For each record below, set it down exactly but leave out any picture.

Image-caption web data

****************************************

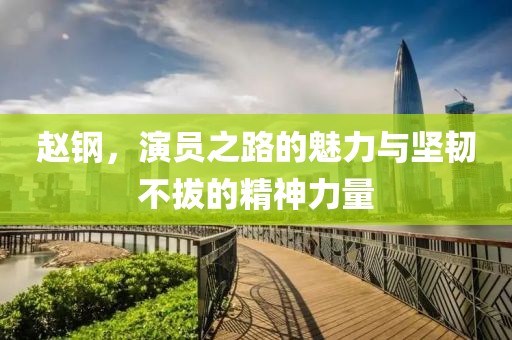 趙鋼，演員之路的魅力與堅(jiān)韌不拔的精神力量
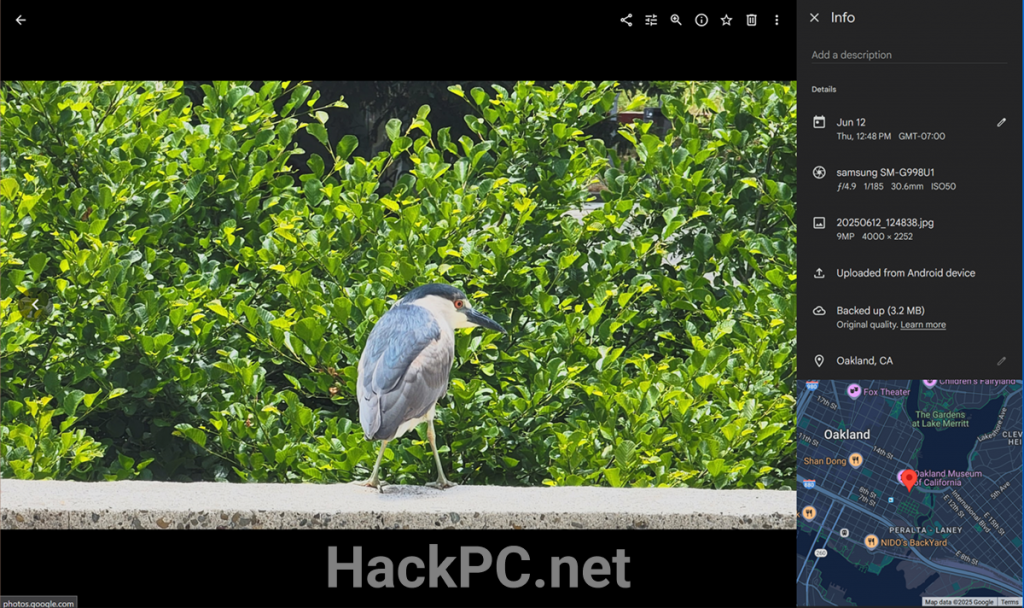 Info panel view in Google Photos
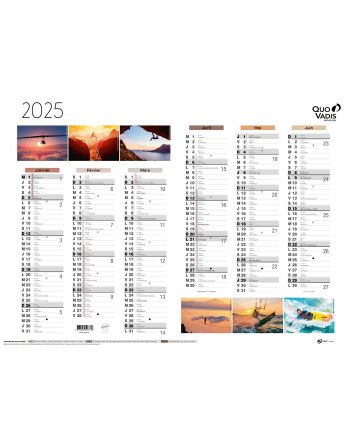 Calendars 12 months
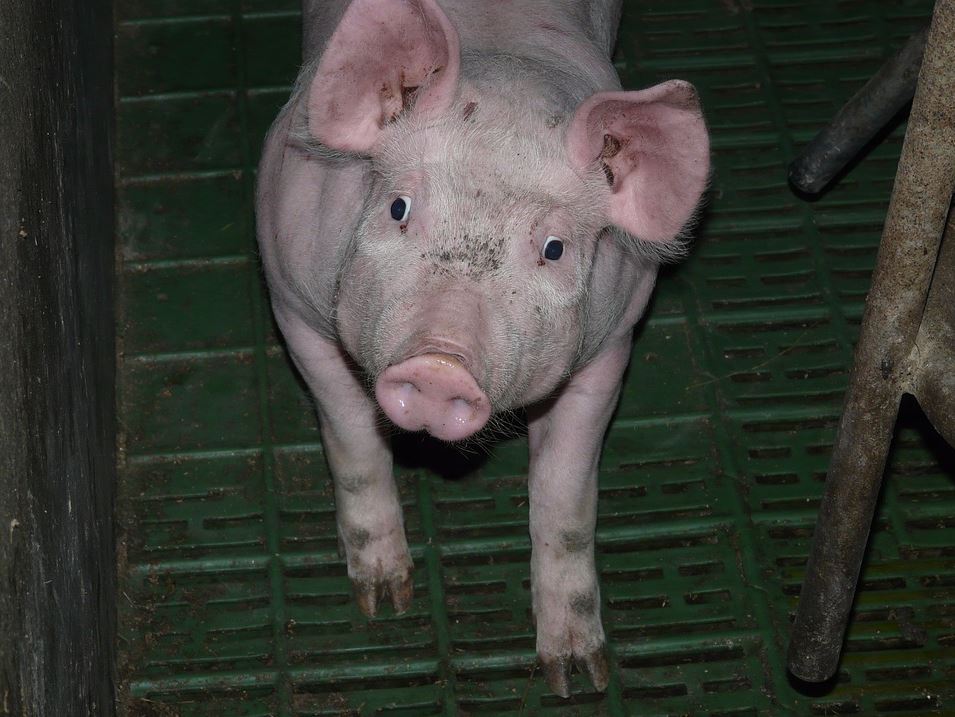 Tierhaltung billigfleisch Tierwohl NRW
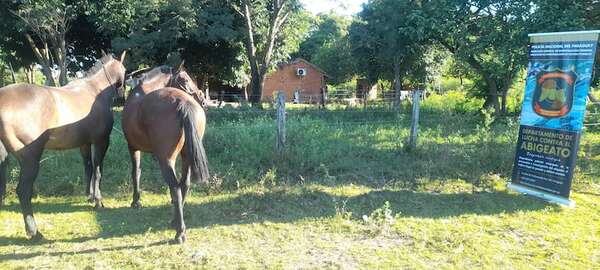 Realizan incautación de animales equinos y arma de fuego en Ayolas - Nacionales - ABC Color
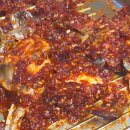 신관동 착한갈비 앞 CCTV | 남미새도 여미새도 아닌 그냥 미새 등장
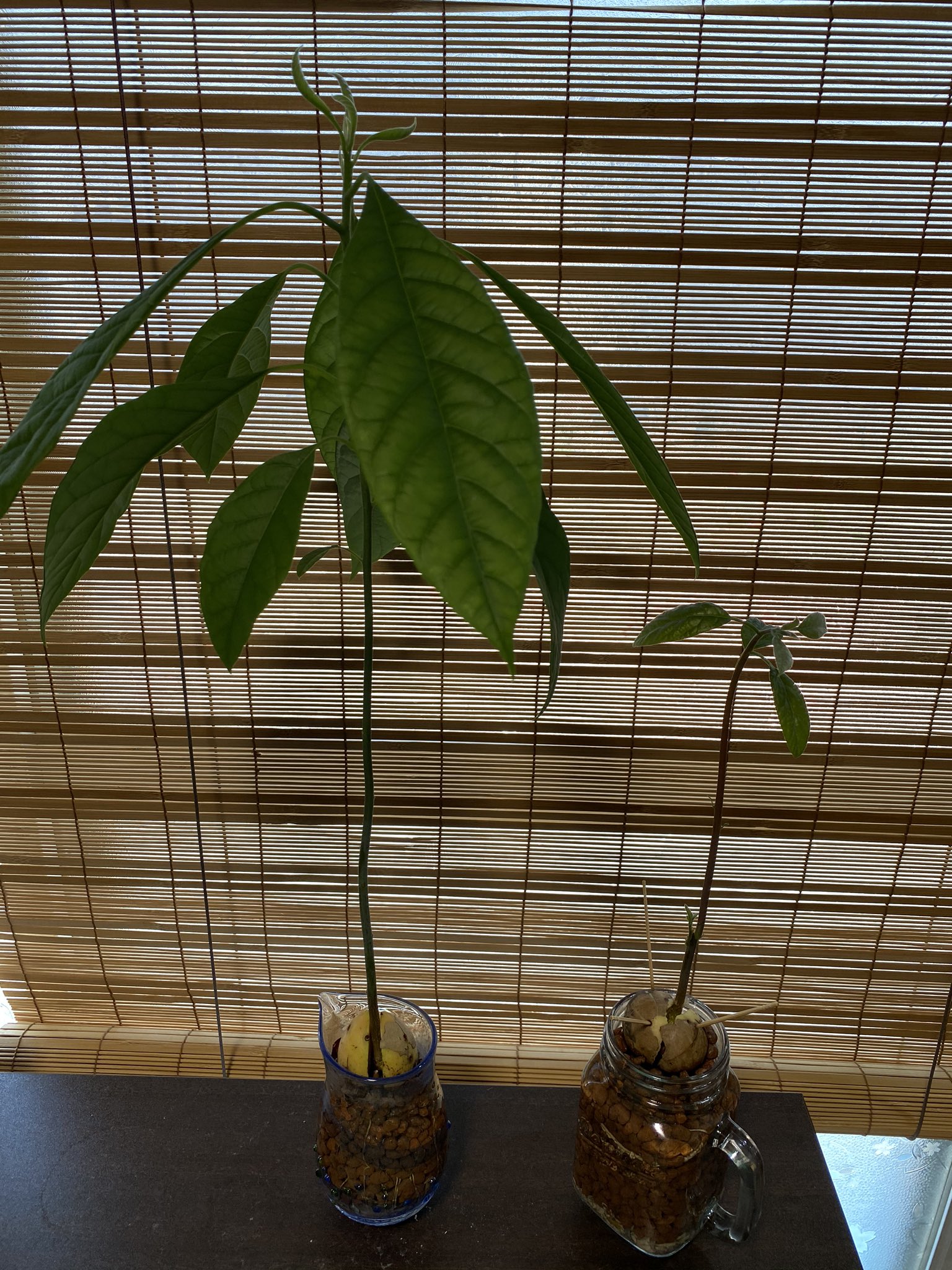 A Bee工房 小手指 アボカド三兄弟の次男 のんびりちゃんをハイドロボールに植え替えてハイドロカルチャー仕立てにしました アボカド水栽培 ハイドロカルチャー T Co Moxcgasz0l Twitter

****************************************

Response to the exercise
 趙鋼，演員之路的魅力與堅(jiān)韌不拔的精神力量
 Info panel view in Google Photos
 Calendars 12 months
 Tierhaltung billigfleisch Tierwohl NRW
 Realizan incautación de animales equinos y arma de fuego en Ayolas - Nacionales - ABC Color
 신관동 착한갈비 앞 CCTV | 남미새도 여미새도 아닌 그냥 미새 등장
 A Bee工房 小手指 アボカド三兄弟の次男 のんびりちゃんをハイドロボールに植え替えてハイドロカルチャー仕立てにしました アボカド水栽培 ハイドロカルチャー T Co Moxcgasz0l Twitter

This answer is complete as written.